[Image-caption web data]

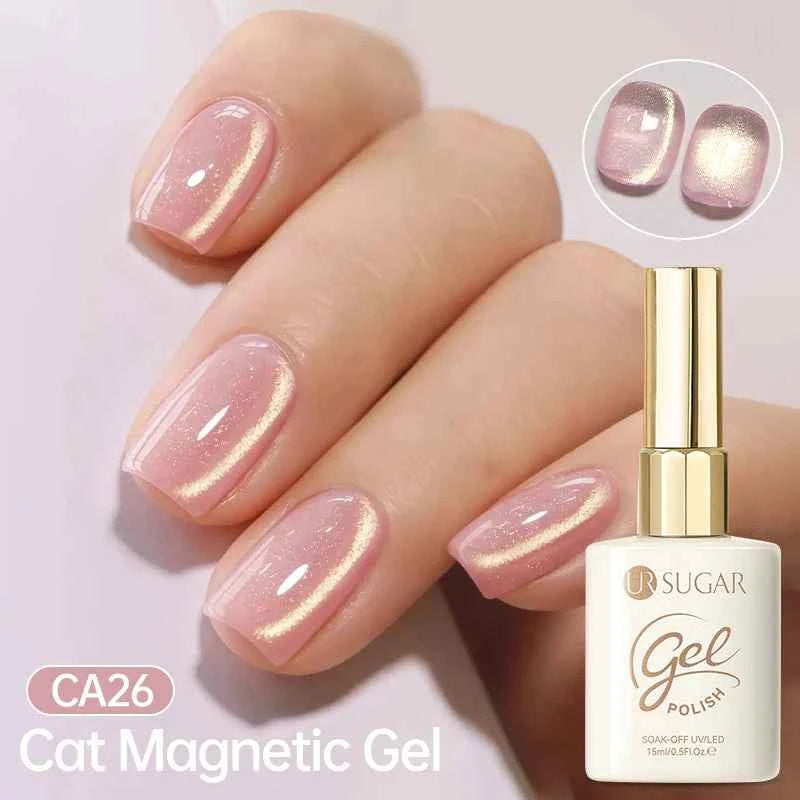 UR SUGAR 15ml Cat Magnetic Gel Nail Polish 30 Colors Semi Permanent Magnetic Gel UV/LED Soak Off Painting Vanrish Design - PAW Bolt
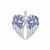 AA Tanzanite Pendant with White Zircon in Sterling Silver 4.30cts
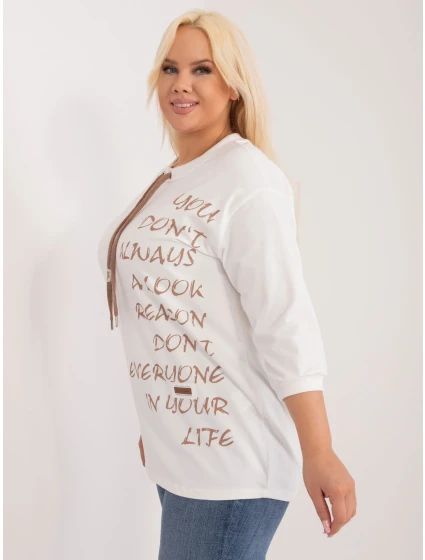 Bluzka RV BZ model 20742474 biało brązowy - FPrice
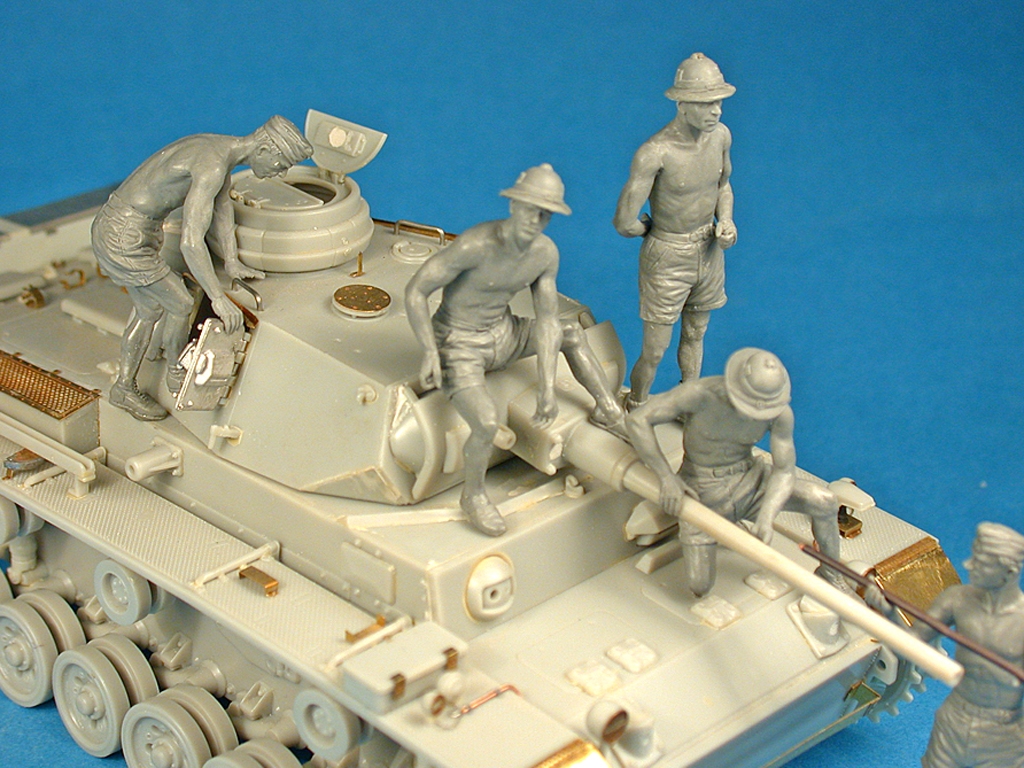 German Tank Crew Afrika Korps  (Vista 5)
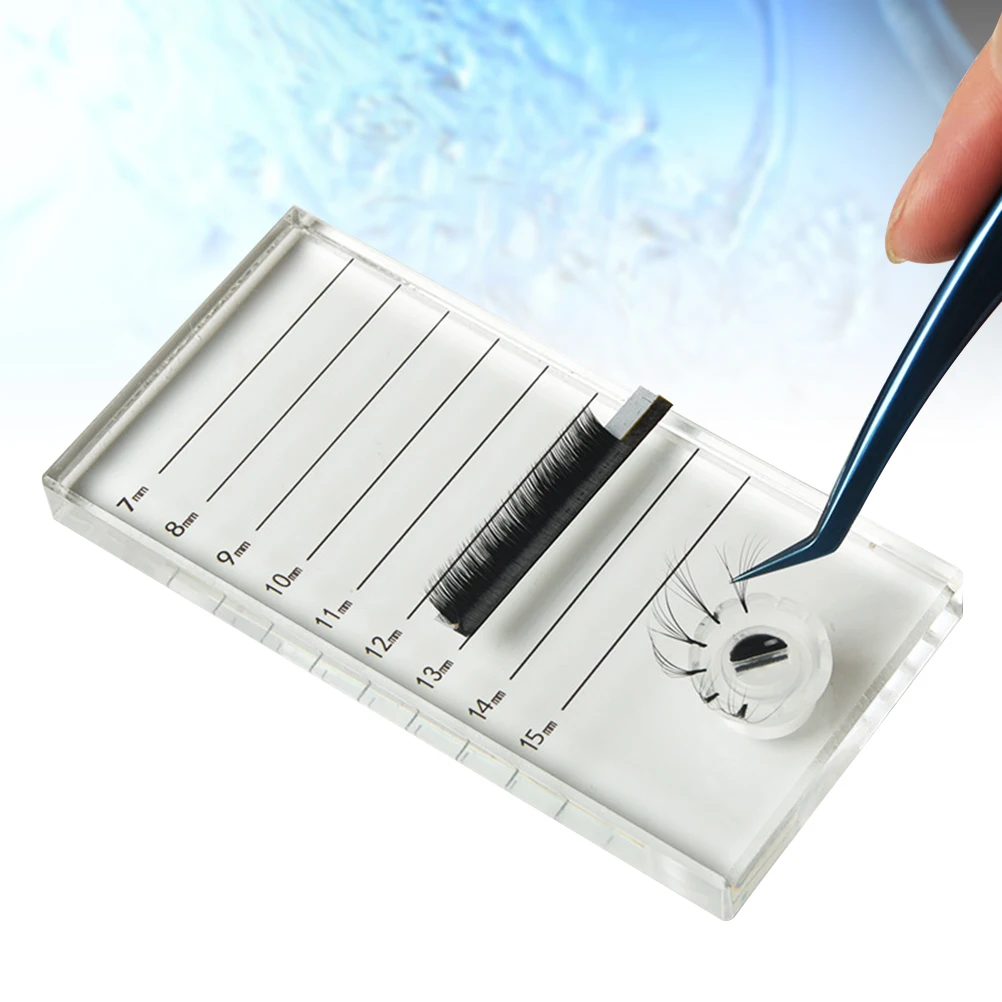 

1pc Grafting Tool Kit Waterproof Extension Glue Plate Eyelash Cups Durable Reusable Professional Home Use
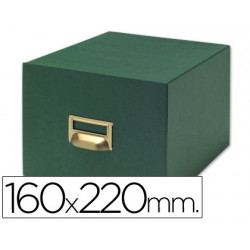 FICHERO FICHAS TELA VERDE 1000 FICHAS N.5 TAMA?O 160X220 MM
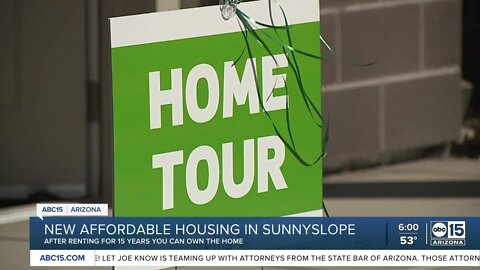 New affordable housing units in Phoenix, resident can buy after 15 years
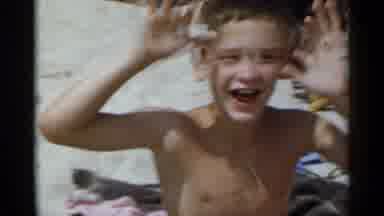 New York USA (1954): Family Relaxing And Having A Fun Time At The Beach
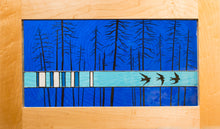 Load image into Gallery viewer, Large Window Hanging, Dark Blue Birds, Kiki Renander #5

▶ **WHAT TO PRODUCE**
The lines to be quoted run from the line containing "1pc Grafting Tool" through the end of the entries above, both included; quote them exactly and leave out any pictures.

▶ **EXPECTED ANSWER**
1pc Grafting Tool Kit Waterproof Extension Glue Plate Eyelash Cups Durable Reusable Professional Home Use
 FICHERO FICHAS TELA VERDE 1000 FICHAS N.5 TAMA?O 160X220 MM
 New affordable housing units in Phoenix, resident can buy after 15 years
 New York USA (1954): Family Relaxing And Having A Fun Time At The Beach
 Load image into Gallery viewer, Large Window Hanging, Dark Blue Birds, Kiki Renander #5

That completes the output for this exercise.